Come i non donatori percepiscono e si relazionano alla donazione del sangue
  • Mauro Turrini
  • Andrea LorenzetEmail author
  • Gloria Pravatà

Riassunto

Il sangue costituisce per la medicina contemporanea un supporto indispensabile che, almeno all’interno dei confini dei Paesi a tecnologia avanzata, viene raccolto quasi esclusivamente su base volontaria e gratuita1. Resa possibile all’inizio del Novecento grazie a scoperte scientifiche e sospinta da esigenze sanitarie, la donazione di sangue si afferma storicamente a livello di massa anche grazie al suo profondo significato simbolico.
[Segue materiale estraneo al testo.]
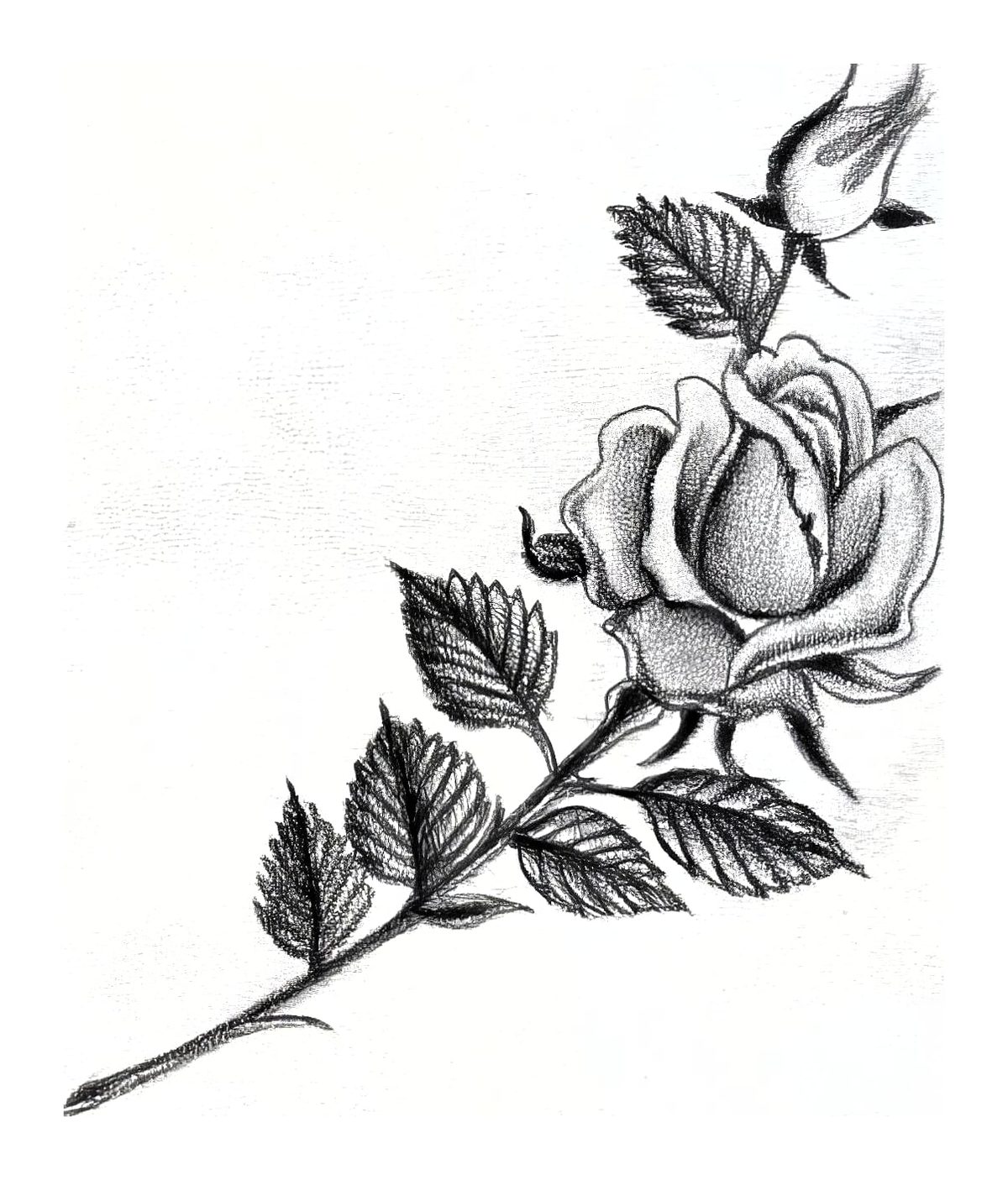 Elegant Fine Line Rose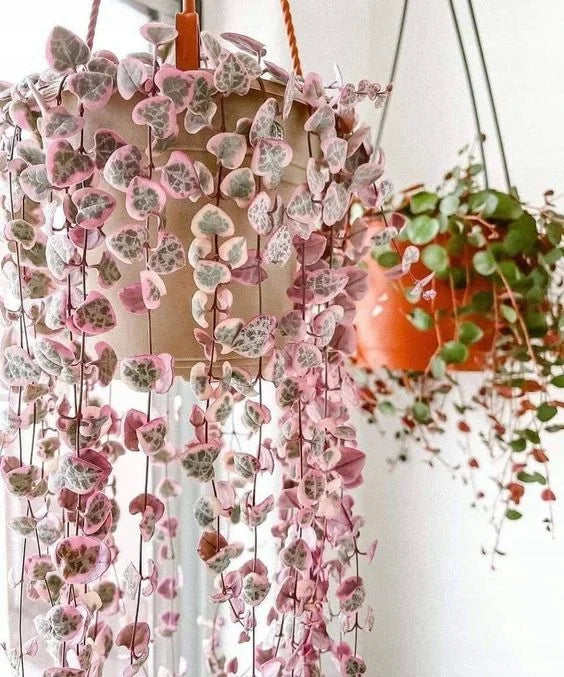Ceropegia String of Hearts Pretty Pink Seeds Flower seeds for Planting - Low Maintenance, Heirloom & GMO Free Seeds for Home Garden
Sale seeds for home garden
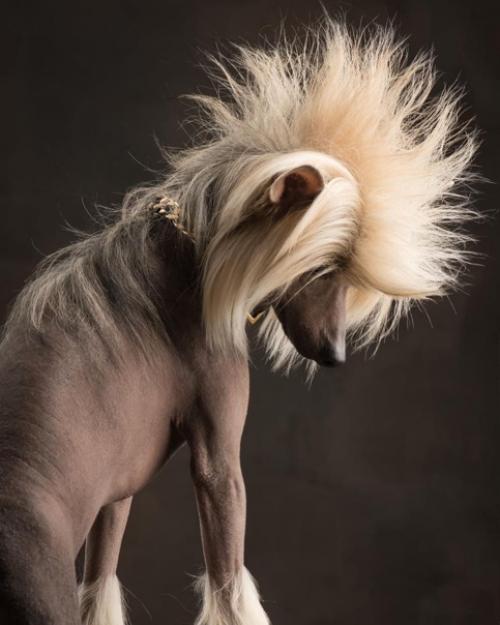 Фотографы - анималисты пол кроес и Инге нелис действительно умеют снимать классные собачьи портреты. 06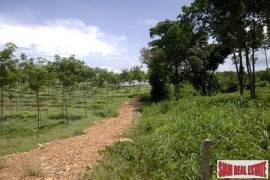 5 Rai of Land on Ko Lanta above Long Beach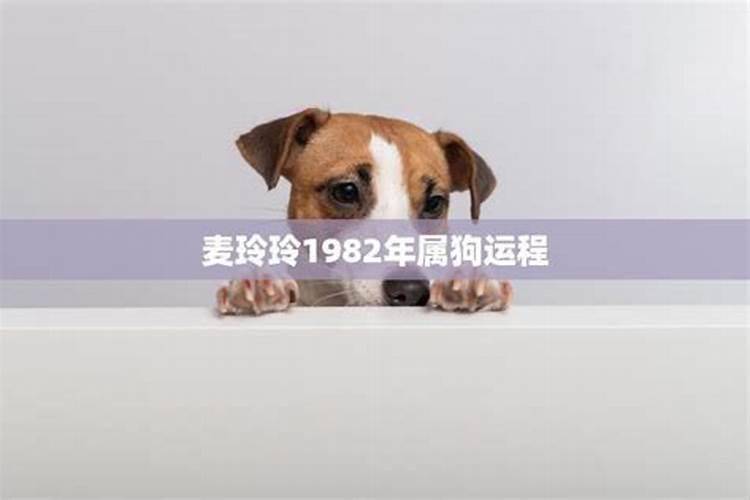 我生日1982年农历7月初8各位大仙能否帮忙算算今年的运程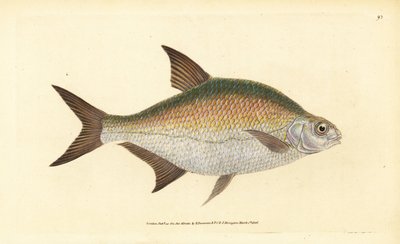 Çipura, Abramis brama (Cyprinus brama). Edward Donovan tarafından Natural History of British Fishes, Donovan ve F.C. ve J. Rivington, Londra by Edward Donovan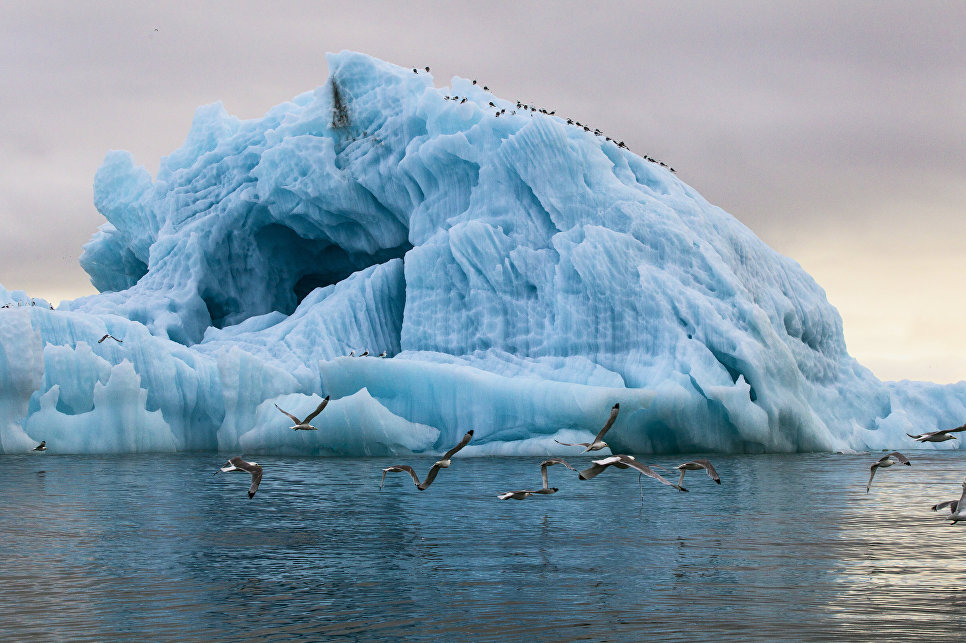 Свободный ото льда участок антарктиды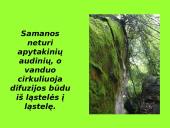 Augalai ir augalų tipai 5 puslapis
Il “donare una parte di sé” attiva canali di comunicazione biologici e sociali, “irrorando” fisicamente e, al contempo, simbolicamente l’intero corpo sociale e rafforzandone così non solo la condizione generale di salute, ma anche la coesione morale e il senso di appartenenza. Negli anni ’20 e ’30 si costituiscono le prime organizzazioni di donatori volontari non retribuiti in molti Paesi, tra cui l’Italia, in cui nel 1927 viene fondata l’AVIS, Associazione Volontari Italiani Sangue. Il sistema di raccolta del sangue gratuito e volontario, tuttavia, convive a lungo con quello retribuito. Diffusosi in occasione e in seguito al secondo conflitto mondiale, quando “il dono del sangue viene associato ai valori della democrazia e dell’antifascismo” (Starr, 1998), tale pratica oblativa s’impone negli anni ’70 quale gold standard nella raccolta del sangue decretata con la risoluzione 28.72 dell’Organizzazione Mondiale della Sanità del 1975. In particolare, nel Regno Unito la donazione volontaria e gratuita vede il maggiore sviluppo grazie a un’intensa riflessione sul suo significato sociale e a un determinante appoggio politico fin dagli ’30, quando in vari ospedali di Londra sono attive le prime banche del sangue che introducono il principio dell’anonimato nella gestione del sangue.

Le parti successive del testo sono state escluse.